Rife with impossible characters whose development and character is defined by what they are wearing, how the smell and what size their breasts are if they happen to be women, they are thrust through an equally impossible tale of rags to riches, boy meets girl cliches for 298 pages.

I was unable to determine if the author was writing about alcoholism, a love story, the intricacies of big business in the 1980's, or perhaps simply attacking conservative politics, the Japanese economy or his perception of minorities. There are countless and needless inferences to Jewish people in less than conscientious or appropriate ways, African-Americans are servile and inconsequential and Hispanic people are consistently one rung below that. Where does all this fit in with the story line? I couldn't figure that out either.
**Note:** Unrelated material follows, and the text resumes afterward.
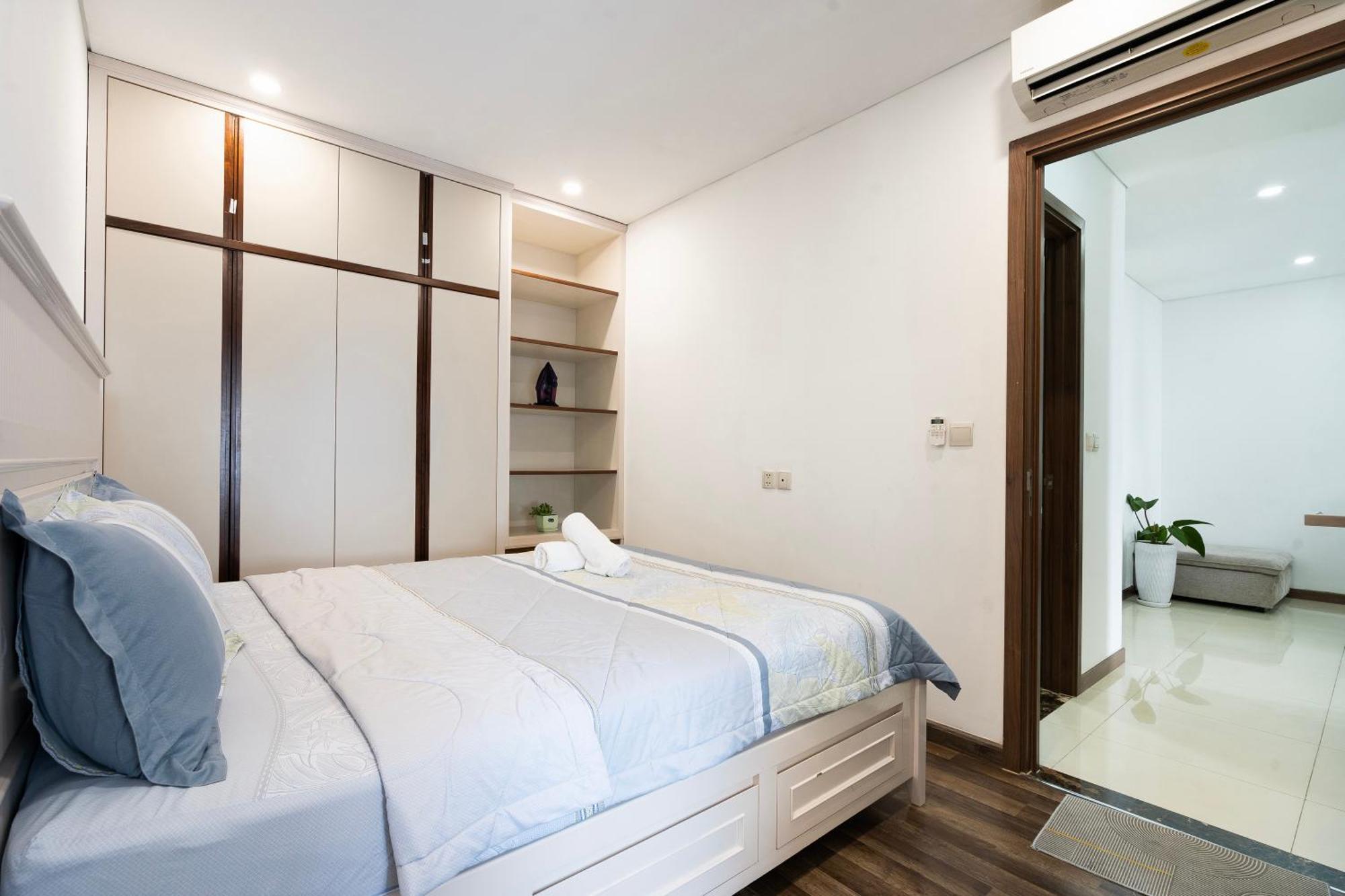 Appartement Aparment Ha Do Centrosa à Hô Chi Minh-Ville Extérieur photo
The dual protagonists are far too heroic and far too weak at the same time. A drum major from Tennessee and a tycoon from Texas, perhaps they are the fantasy characters the author always wished he could be. There is no realism in this novel and it is lacking in ironic or sarcastic unrealism to balance the imaginary universe these characters operate in.

There are high points, however. At times there are very real and powerful emotional pangs that the reader can feel from the pages. Sadly they are few and far between. The book is laced with too much descriptive narrative regarding name brands and designer items, hopelessly imprisoned in the 80's, to read with continuity. There are loose ends and grand excursions taken by the characters that don't make much sens and seem to have been added by the editors either from another work or to fill out the novel. All of which combined makes it difficult to get through this novel without giving up.

If this book was intended to be a high line romance novel it missed the mark. If it was a sardonic, satirical treatment of one it missed even more so. If it was intended as a corporate love story, there was too little knowledge about the subject matter on the part of the writer and editors to make it work. Again, difficult to believe considering who wrote it.